Join our daily and weekly newsletters for the latest updates and exclusive content on industry-leading AI coverage. Learn More
AI is advancing at a rapid clip for businesses, and that’s especially true of speech and voice AI models.
Case in point: Today, ElevenLabs, the well-funded voice and AI sound effects startup founded by former Palantir engineers, debuted Conversational AI 2.0, a significant upgrade to its platform for building advanced voice agents for enterprise use cases, such as customer support, call centers, and outbound sales and marketing.
This update introduces a host of new features designed to create more natural, intelligent, and secure interactions, making it well-suited for enterprise-level applications.
[embedded content]
The launch comes just four months after the debut of the original platform, reflecting ElevenLabs’ commitment to rapid development, and a day after rival voice AI startup Hume launched its own new, turn-based voice AI model, EVI 3.
It also comes after new open source AI voice models hit the scene, prompting some AI influencers to declare ElevenLabs dead. It seems those declarations were, naturally, premature.
According to Jozef Marko from ElevenLabs’ engineering team, Conversational AI 2.0 is substantially better than its predecessor, setting a new standard for voice-driven experiences.
Enhancing naturalistic speech
A key highlight of Conversational AI 2.0 is its state-of-the-art turn-taking model.
This technology is designed to handle the nuances of human conversation, eliminating awkward pauses or interruptions that can occur in traditional voice systems.
By analyzing conversational cues like hesitations and filler words in real-time, the agent can understand when to speak and when to listen.
This feature is particularly relevant for applications such as customer service, where agents must balance quick responses with the natural rhythms of a conversation.
Multilingual support
Conversational AI 2.0 also introduces integrated language detection, enabling seamless multilingual discussions without the need for manual configuration.
This capability ensures that the agent can recognize the language spoken by the user and respond accordingly within the same interaction.

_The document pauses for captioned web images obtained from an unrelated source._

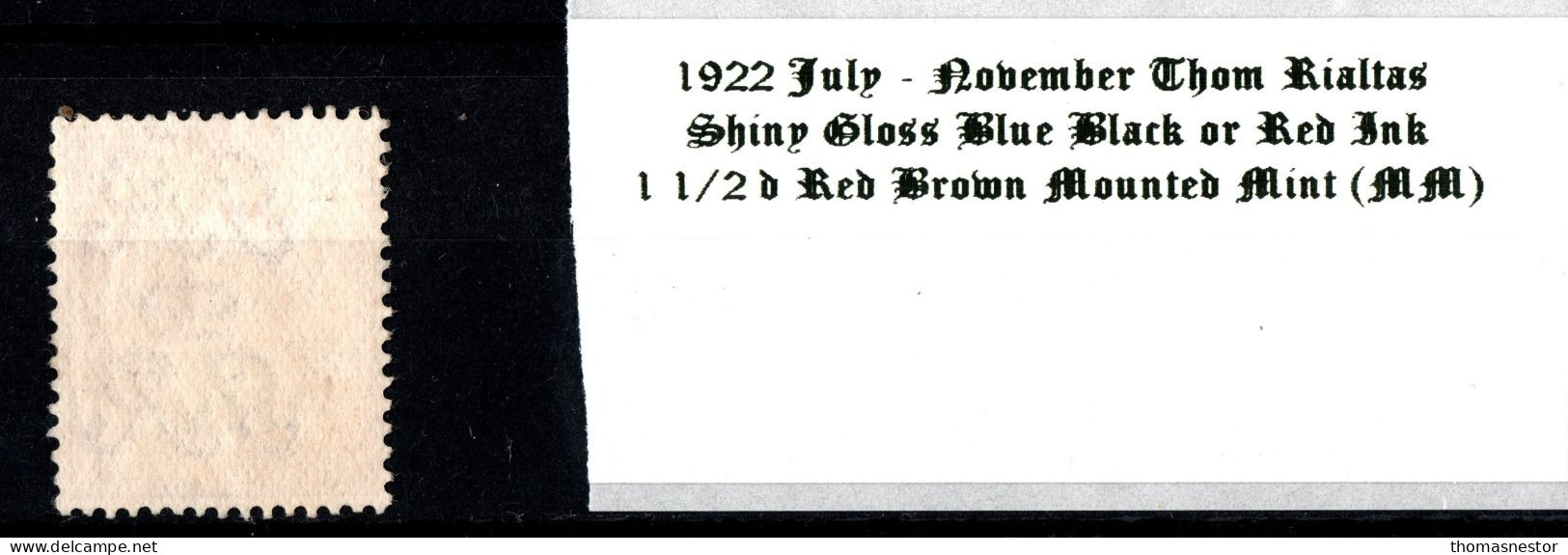 1922 July - November Thom Rialtas 5 Line Overprint In Shiny Blue Black Or Red Ink 1 1/2 D Red Brown Mounted Mint (MM) - Neufs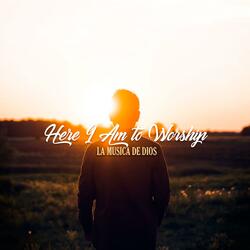 Here I Am to Worship (852 Hz)
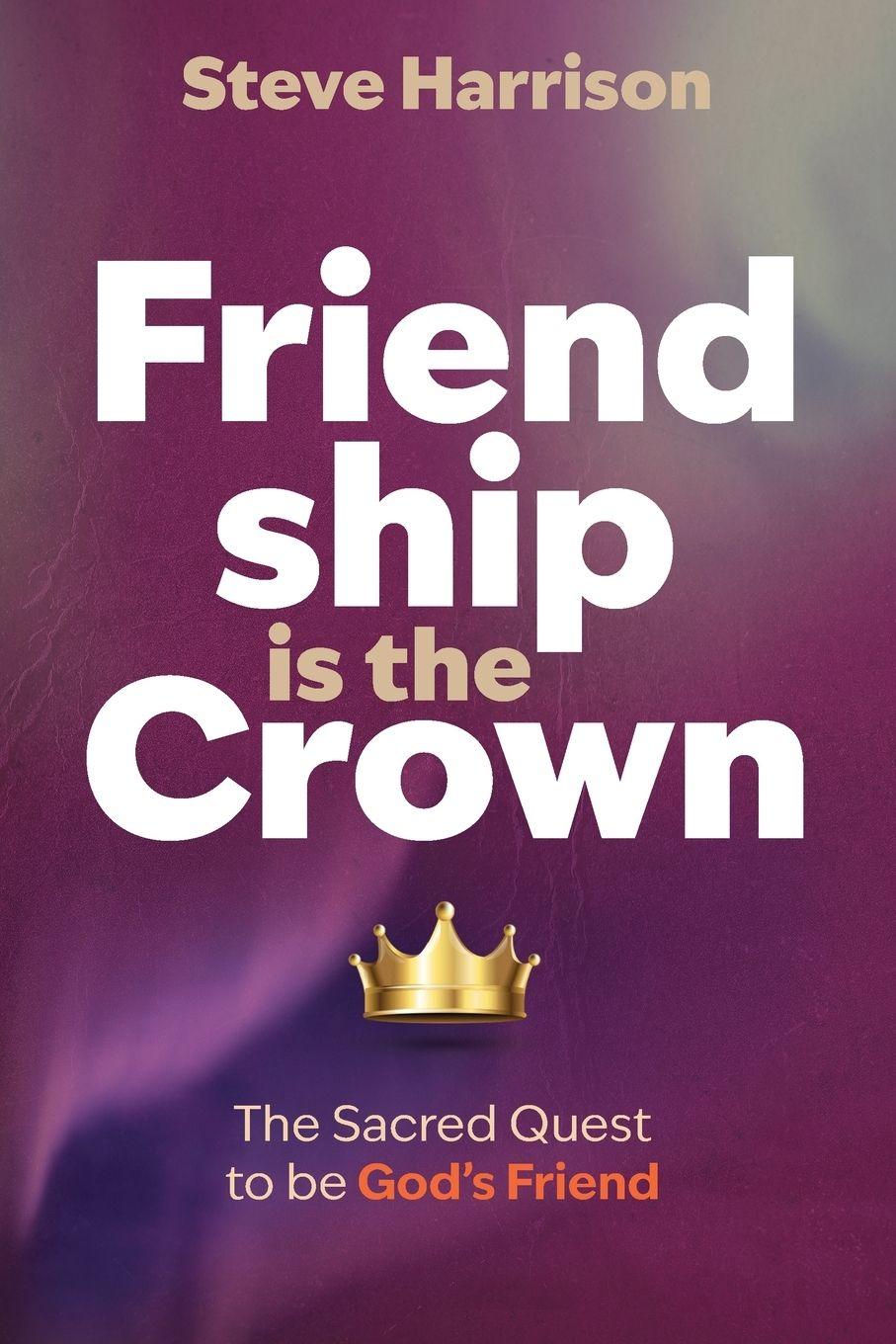 Vorderes Coverbild Friendship is the Crown
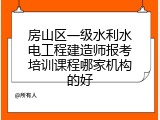 房山区一级水利水电工程建造师报考培训课程哪家机构的好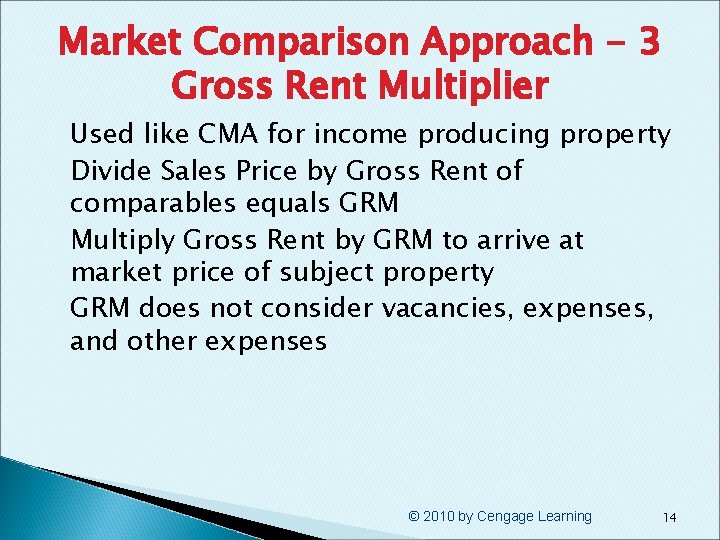Market Comparison Approach - 3 Gross Rent Multiplier § § Used like CMA for
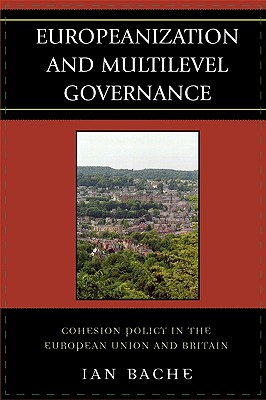 Europeanization and Multilevel Governance: Cohesion Policy in the European Union and Britain (Governance in Europe) Cover Image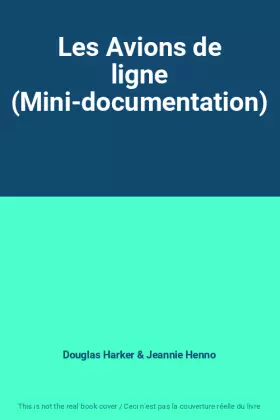 Couverture du produit · Les Avions de ligne (Mini-documentation)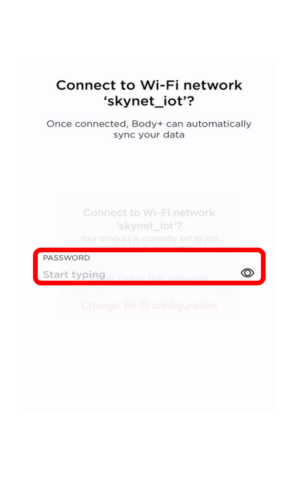 Connect to Wi-Fi network screen with Password box highlighted to show where to enter Wi-fi password.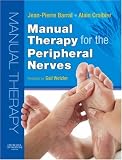 Manual Therapy for the Peripheral Nerves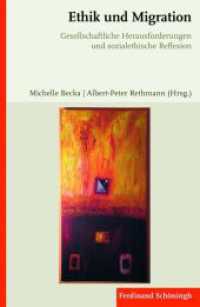 Ethik und Migration : Gesellschaftliche Herausforderungen und sozialethische Reflexion （2010. 206 S. 23.3 cm）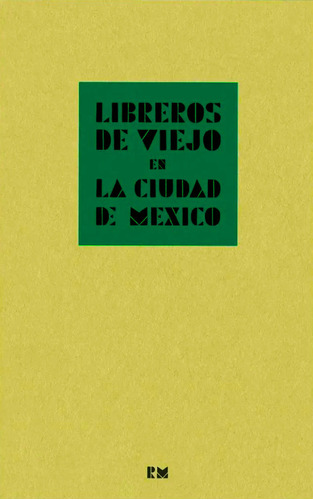 Libro Libreros De Viejo En La Ciudad De Mexico - Lopez Ca...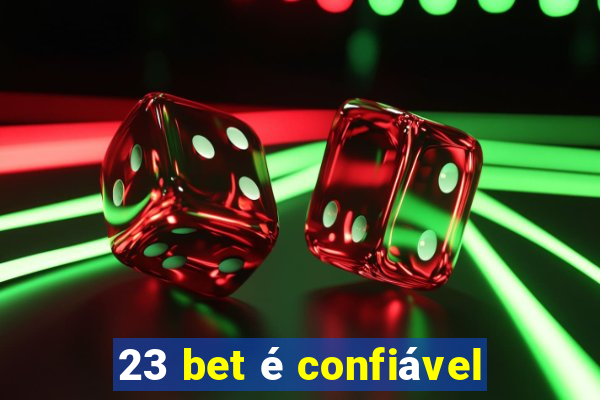 23 bet é confiável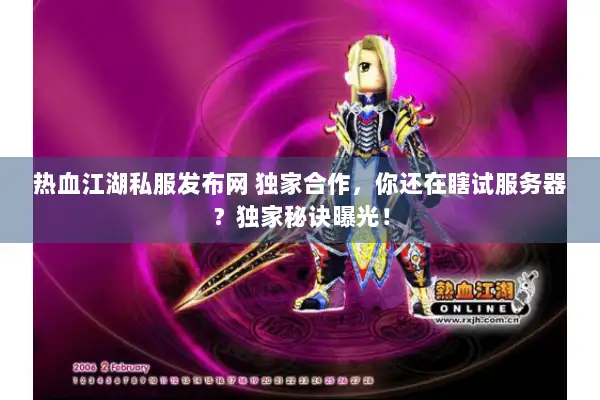 热血江湖私服发布网 独家合作，你还在瞎试服务器？独家秘诀曝光！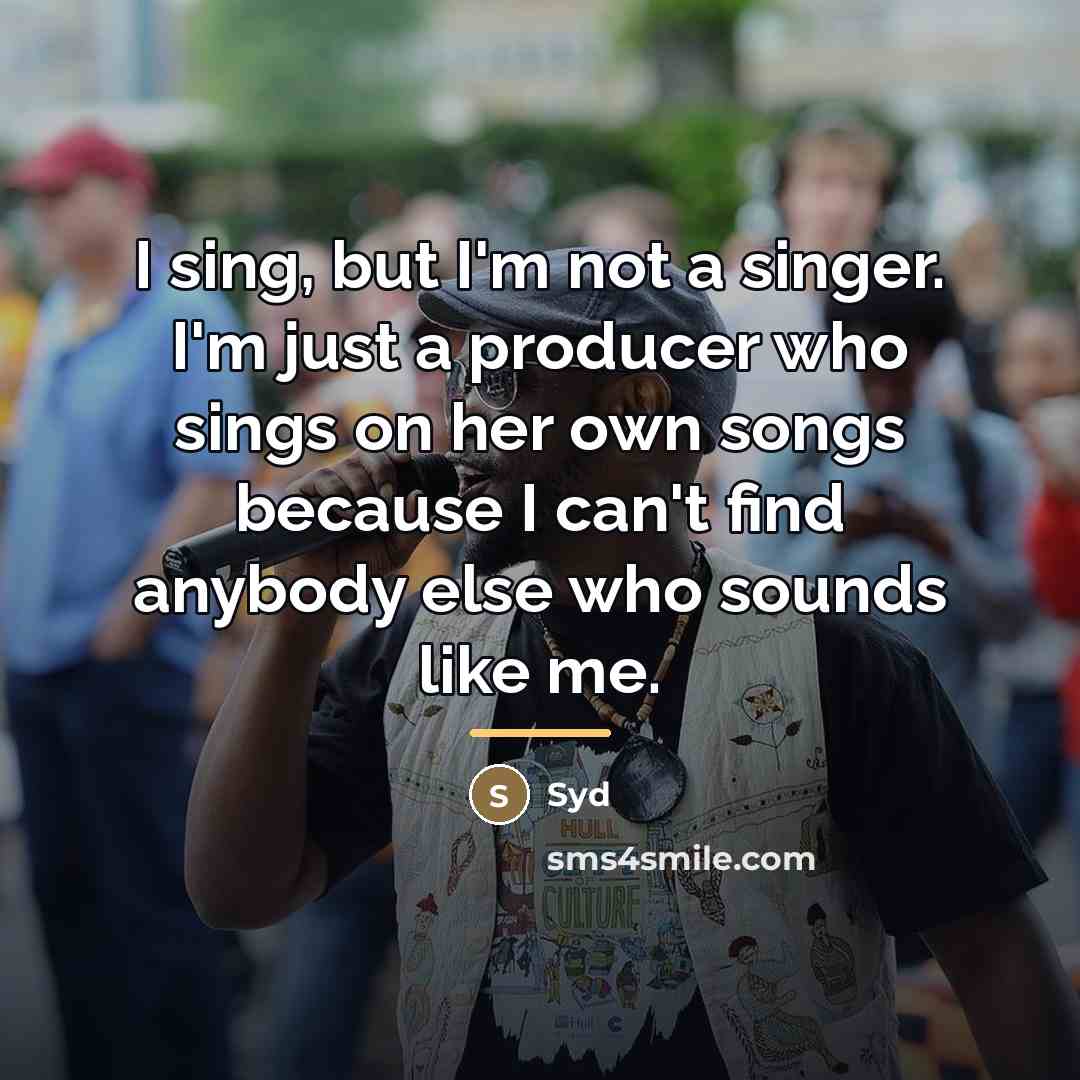 “I sing, but I'm not a singer. I'm just a…” quote by Syd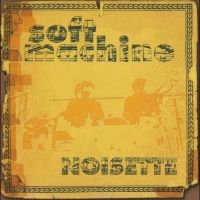 Soft Machine - Noisette i gruppen CD / Jazz,Pop-Rock hos Bengans Skivbutik AB (1949857)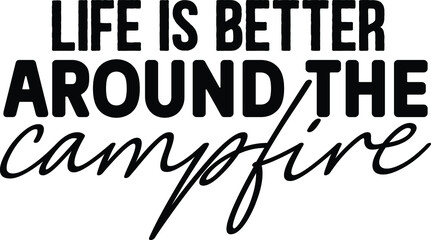Life Is Better Around The Campfire SVG Design Cut File Design For Camping And Camper's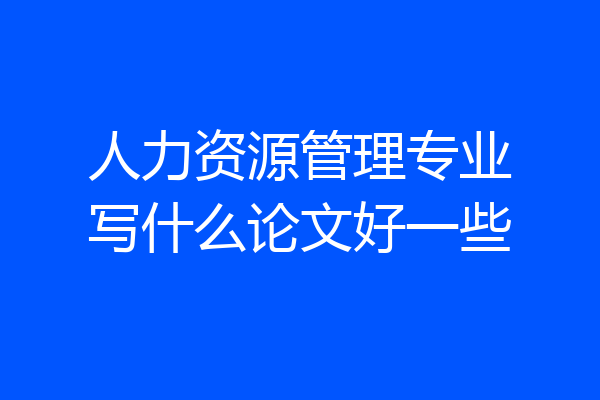 人力资源管理专业写什么论文好一些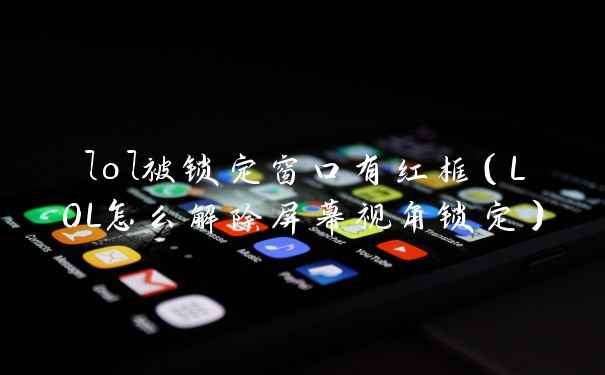 lol被锁定窗口有红框（LOL怎么解除屏幕视角锁定）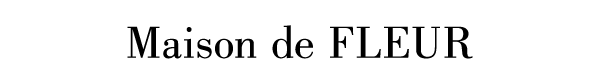 Maison de FLEUR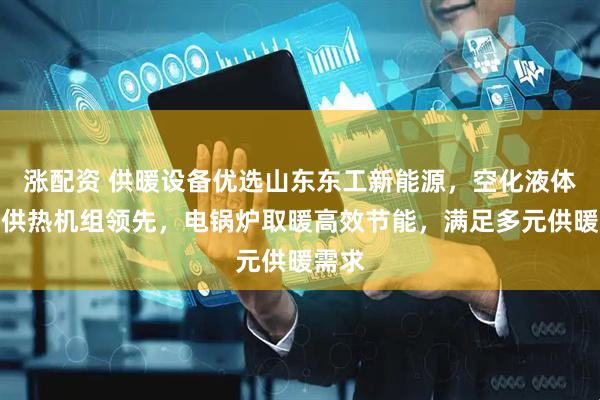 涨配资 供暖设备优选山东东工新能源，空化液体电辅供热机组领先，电锅炉取暖高效节能，满足多元供暖需求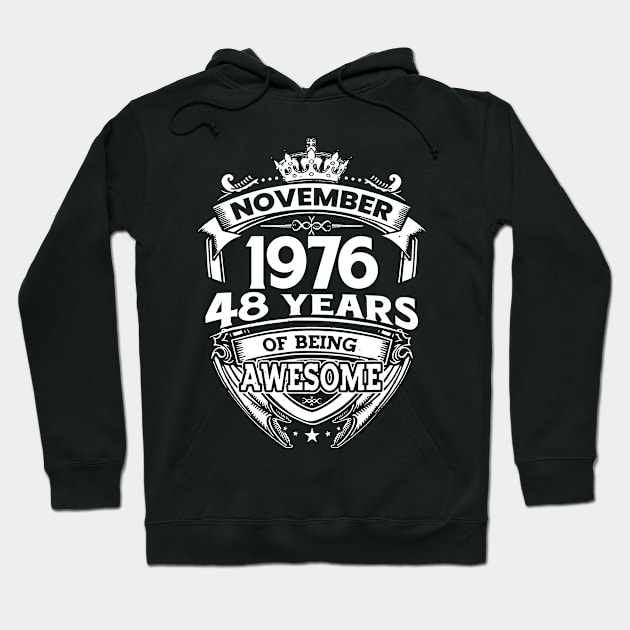 November 1976 48 Years Of Being Awesome 48th Birthday Hoodie by Hsieh Claretta Art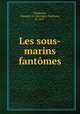 Les sous-marins fantomes, Toudouze, Georges-G. (Georges-Gustave), b. 1877 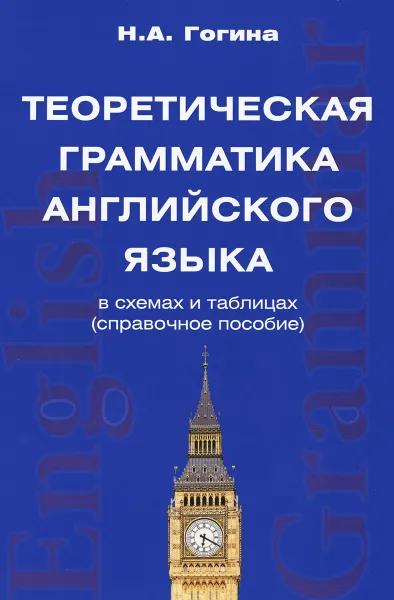 Обложка книги Теоретическая грамматика английского языка в схемах и таблицах (справочное пособие), Н. А. Гогина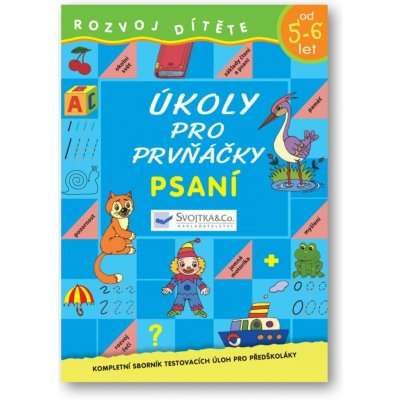Úkoly pro prvňáčky Psaní: Kompletní sborník testovacích úloh pro předškoláky – Hledejceny.cz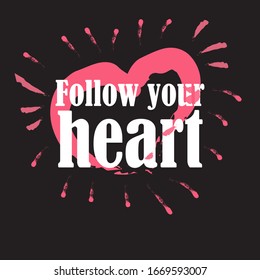 Follow your heart for applying to t-shirts. Stylish and modern design for printing on clothes and things. Inspirational phrase. Motivational call for placement on vinyl stickers.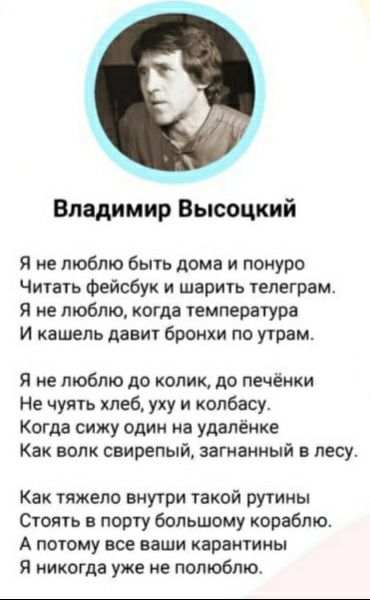 Владимир Высоцкий Я не люблю быть дома и понуро Читагь Фейсбук и шари1ь тепеграм Я не люблю когда емпература И кашель давит бронхи по утрам Я не люблю до колит до печёики Не чуять хлеб уку и колбасу Когда сижу один на удалёнке Как волк свирепый загнанный в лесу Как тяжело внутри такой рутины Стоять в порту большому кораблю А ПОТОМУ все Ваши КараНТИНЫ Я никогда уже ие полюбят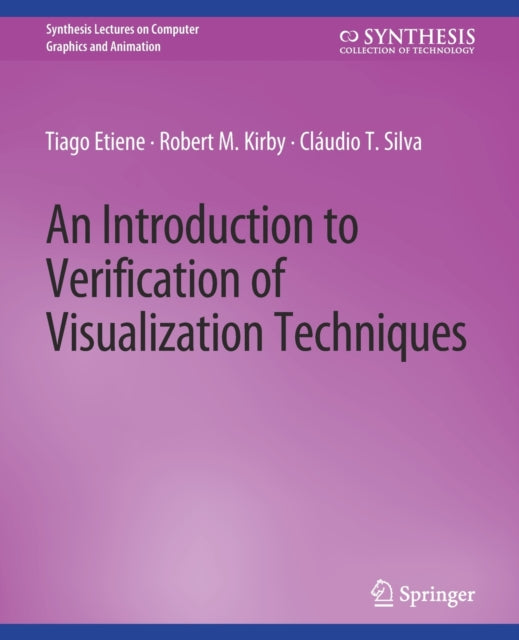 Book cover of: Introduction to Verification of Visualization Techniques. By: Tiago Etiene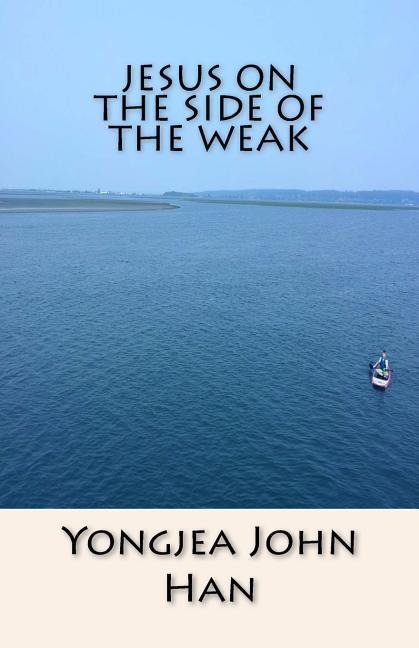Jesus On the Side of the Weak
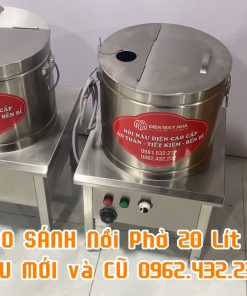 So Sánh Nồi Phở 20 Lít Mẫu Mới Và Mẫu Cũ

The feature caters to global enterprises seeking consistent service for diverse customer bases, removing language barriers and fostering more inclusive experiences.
Enterprise-grade
One of the more powerful additions is the built-in Retrieval-Augmented Generation (RAG) system. This feature allows the AI to access external knowledge bases and retrieve relevant information instantly, while maintaining minimal latency and strong privacy protections.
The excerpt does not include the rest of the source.